Support for passkeys in Windows - Windows Security | Microsoft Learn
Passkeys provide a more secure and convenient method to logging into websites and applications compared to passwords. Unlike passwords, which users must remember and type, passkeys are stored as secrets on a device and can use a device's unlock mechanism (such as biometrics or a PIN). Passkeys can be used without the need for other sign-in challenges, making the authentication process faster, secure, and more convenient.
You can use passkeys with any applications or websites that support them, to create and sign in with Windows Hello. Once a passkey is created and stored with Windows Hello, you can use your device's biometrics or PIN to sign in. Alternatively, you can use a companion device (phone or tablet) to sign in.
Note: Starting in Windows 11, version 22H2 with KB5030310, Windows provides a native experience for passkey management. However, passkeys can be used in all supported versions of Windows clients.
Microsoft has long been a founding member of the FIDO Alliance and has helped to define and use passkeys natively within a platform authenticator like Windows Hello.

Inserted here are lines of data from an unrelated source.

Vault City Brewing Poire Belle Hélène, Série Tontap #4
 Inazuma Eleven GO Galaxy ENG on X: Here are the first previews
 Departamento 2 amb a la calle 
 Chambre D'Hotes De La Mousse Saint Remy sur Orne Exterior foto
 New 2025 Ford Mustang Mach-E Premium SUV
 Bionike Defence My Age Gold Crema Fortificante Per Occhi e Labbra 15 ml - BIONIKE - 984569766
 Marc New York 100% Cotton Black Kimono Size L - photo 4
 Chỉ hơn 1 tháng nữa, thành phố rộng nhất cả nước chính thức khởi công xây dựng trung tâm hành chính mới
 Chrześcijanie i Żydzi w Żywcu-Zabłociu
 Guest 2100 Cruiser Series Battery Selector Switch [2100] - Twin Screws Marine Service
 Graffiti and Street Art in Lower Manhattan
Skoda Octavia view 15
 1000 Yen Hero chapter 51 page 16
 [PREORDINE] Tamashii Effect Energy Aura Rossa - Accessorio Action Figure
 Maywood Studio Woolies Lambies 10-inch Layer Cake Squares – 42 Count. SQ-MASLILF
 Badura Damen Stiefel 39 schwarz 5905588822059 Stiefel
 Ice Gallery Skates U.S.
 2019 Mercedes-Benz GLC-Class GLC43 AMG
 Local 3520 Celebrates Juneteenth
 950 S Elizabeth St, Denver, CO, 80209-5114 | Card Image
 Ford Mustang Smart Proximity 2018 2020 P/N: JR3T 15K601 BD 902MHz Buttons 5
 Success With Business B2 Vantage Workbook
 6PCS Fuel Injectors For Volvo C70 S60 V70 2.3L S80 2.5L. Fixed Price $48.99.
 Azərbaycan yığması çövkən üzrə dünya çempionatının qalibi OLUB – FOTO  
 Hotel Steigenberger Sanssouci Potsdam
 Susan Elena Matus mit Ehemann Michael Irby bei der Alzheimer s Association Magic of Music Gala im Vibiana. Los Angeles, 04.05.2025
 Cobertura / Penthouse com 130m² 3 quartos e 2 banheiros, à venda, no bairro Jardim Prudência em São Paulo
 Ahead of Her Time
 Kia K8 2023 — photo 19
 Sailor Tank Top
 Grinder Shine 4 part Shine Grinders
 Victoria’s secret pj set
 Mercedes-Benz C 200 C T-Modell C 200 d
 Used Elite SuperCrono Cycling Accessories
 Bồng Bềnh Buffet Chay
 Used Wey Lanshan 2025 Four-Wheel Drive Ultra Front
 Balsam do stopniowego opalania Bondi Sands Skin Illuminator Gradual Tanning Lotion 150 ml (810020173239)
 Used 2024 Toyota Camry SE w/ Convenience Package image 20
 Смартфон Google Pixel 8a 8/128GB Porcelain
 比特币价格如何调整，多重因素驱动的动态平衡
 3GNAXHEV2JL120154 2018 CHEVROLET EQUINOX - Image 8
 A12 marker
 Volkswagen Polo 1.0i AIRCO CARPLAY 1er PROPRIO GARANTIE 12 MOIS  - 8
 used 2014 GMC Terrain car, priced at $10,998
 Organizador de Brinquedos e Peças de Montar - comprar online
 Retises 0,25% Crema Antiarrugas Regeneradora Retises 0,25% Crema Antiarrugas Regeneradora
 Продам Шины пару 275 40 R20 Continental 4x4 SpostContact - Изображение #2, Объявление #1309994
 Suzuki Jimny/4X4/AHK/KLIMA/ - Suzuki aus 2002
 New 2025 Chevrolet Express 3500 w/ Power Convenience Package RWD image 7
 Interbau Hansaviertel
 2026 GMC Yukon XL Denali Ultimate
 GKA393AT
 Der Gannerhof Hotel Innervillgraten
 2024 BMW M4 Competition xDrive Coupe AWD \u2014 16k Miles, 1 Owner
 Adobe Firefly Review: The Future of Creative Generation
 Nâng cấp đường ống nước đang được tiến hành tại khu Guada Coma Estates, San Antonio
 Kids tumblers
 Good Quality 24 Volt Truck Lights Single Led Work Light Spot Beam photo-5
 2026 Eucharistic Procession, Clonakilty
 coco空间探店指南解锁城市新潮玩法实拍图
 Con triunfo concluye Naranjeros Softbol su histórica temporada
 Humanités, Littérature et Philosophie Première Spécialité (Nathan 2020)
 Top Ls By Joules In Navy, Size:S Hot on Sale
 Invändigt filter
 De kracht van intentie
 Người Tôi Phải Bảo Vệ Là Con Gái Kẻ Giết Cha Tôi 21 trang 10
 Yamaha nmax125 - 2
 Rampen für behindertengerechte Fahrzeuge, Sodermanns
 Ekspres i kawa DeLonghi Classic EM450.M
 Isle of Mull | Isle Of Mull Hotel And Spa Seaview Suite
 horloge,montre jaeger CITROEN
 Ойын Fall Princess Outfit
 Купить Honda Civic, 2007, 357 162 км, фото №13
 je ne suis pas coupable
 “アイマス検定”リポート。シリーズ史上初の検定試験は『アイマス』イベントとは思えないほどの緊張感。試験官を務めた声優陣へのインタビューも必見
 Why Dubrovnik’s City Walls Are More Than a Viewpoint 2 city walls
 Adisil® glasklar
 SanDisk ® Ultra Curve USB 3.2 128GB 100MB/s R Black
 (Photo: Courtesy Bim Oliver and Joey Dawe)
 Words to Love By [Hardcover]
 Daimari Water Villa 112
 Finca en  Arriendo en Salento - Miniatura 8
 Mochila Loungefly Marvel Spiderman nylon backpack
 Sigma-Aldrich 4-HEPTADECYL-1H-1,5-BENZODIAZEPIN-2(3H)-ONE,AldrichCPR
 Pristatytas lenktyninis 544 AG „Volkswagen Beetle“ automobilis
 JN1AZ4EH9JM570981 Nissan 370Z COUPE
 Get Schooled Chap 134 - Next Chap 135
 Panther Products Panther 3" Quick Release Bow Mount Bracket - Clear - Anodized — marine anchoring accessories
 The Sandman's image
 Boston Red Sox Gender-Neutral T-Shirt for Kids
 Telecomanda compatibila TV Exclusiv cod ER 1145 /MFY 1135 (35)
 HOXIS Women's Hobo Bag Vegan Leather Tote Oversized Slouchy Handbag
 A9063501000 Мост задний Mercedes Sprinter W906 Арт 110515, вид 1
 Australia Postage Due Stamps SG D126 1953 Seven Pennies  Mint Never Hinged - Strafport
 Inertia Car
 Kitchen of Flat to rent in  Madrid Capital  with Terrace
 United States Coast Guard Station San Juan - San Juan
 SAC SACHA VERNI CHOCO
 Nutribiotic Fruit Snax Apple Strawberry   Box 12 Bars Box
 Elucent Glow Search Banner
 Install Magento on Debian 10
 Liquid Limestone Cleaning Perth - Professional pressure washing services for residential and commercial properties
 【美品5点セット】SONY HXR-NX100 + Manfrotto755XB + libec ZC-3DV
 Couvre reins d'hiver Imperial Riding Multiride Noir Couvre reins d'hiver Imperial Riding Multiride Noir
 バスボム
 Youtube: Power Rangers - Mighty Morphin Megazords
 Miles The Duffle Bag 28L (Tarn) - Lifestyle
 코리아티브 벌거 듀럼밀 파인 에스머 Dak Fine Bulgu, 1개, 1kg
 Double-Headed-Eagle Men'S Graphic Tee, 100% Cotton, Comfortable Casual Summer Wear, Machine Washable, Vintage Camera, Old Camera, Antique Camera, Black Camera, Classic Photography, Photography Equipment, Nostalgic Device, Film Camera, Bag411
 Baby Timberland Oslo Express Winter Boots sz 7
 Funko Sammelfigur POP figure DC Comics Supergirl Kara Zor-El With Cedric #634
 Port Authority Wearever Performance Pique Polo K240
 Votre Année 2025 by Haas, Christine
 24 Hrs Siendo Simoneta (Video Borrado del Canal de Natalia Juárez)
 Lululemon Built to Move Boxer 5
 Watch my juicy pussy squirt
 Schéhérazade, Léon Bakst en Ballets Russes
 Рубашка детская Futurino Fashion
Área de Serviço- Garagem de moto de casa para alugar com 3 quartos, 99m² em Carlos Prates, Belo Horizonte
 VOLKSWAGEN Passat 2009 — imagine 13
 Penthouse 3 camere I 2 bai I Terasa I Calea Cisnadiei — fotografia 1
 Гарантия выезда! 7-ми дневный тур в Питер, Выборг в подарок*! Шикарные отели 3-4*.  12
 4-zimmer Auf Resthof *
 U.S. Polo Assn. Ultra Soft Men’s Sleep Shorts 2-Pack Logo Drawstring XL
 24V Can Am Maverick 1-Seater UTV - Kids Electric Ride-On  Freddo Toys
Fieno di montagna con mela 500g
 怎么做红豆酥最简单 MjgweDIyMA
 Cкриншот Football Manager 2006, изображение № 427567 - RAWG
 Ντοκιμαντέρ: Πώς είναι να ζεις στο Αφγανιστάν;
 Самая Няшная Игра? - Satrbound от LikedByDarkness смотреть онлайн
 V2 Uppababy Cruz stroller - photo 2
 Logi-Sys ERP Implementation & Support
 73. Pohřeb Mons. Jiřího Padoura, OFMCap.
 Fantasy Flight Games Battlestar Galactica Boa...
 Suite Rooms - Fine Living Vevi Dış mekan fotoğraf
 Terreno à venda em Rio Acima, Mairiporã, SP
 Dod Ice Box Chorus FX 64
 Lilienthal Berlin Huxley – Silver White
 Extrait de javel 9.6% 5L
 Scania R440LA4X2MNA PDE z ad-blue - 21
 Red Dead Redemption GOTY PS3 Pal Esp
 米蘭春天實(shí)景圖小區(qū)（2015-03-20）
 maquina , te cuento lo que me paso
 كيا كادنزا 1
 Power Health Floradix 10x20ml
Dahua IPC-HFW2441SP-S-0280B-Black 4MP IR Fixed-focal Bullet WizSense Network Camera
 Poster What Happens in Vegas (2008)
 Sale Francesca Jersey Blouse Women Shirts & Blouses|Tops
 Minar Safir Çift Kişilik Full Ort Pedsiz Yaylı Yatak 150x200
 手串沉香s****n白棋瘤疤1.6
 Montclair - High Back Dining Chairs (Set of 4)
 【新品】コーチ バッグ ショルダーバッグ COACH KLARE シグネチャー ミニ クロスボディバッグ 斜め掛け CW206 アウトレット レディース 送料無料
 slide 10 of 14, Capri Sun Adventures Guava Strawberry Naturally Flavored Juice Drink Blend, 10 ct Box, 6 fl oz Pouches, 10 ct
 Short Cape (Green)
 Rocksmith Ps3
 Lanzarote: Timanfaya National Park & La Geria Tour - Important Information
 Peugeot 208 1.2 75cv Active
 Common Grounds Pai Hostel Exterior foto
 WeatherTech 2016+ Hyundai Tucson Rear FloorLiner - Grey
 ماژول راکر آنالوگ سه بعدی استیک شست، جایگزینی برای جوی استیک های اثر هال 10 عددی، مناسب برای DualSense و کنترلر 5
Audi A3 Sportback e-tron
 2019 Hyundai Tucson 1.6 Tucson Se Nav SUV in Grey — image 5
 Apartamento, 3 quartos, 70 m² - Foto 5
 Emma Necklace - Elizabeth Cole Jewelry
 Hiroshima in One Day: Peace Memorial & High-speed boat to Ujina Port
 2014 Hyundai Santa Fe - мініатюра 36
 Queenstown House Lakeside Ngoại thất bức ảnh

Passkeys utilize the FIDO industry security standard, which is adopted by all major platforms. Leading technology companies like Microsoft are backing passkeys as part of the FIDO Alliance, and numerous websites and apps are integrating support for passkeys. The FIDO protocols rely on standard public/private key cryptography techniques to offer more secure authentication. When a user registers with an online service, their client device generates a new key pair. The private key is stored securely on the user's device, while the public key is registered with the service. To authenticate, the client device must prove that it possesses the private key by signing a challenge. The private keys can only be used after they're unlocked by the user using the Windows Hello unlock factor (biometrics or PIN). FIDO protocols prioritize user privacy, as they're designed to prevent online services from sharing information or tracking users across different services. Additionally, any biometric information used in the authentication process remains on the user's device and isn't transmitted across the network or to the service.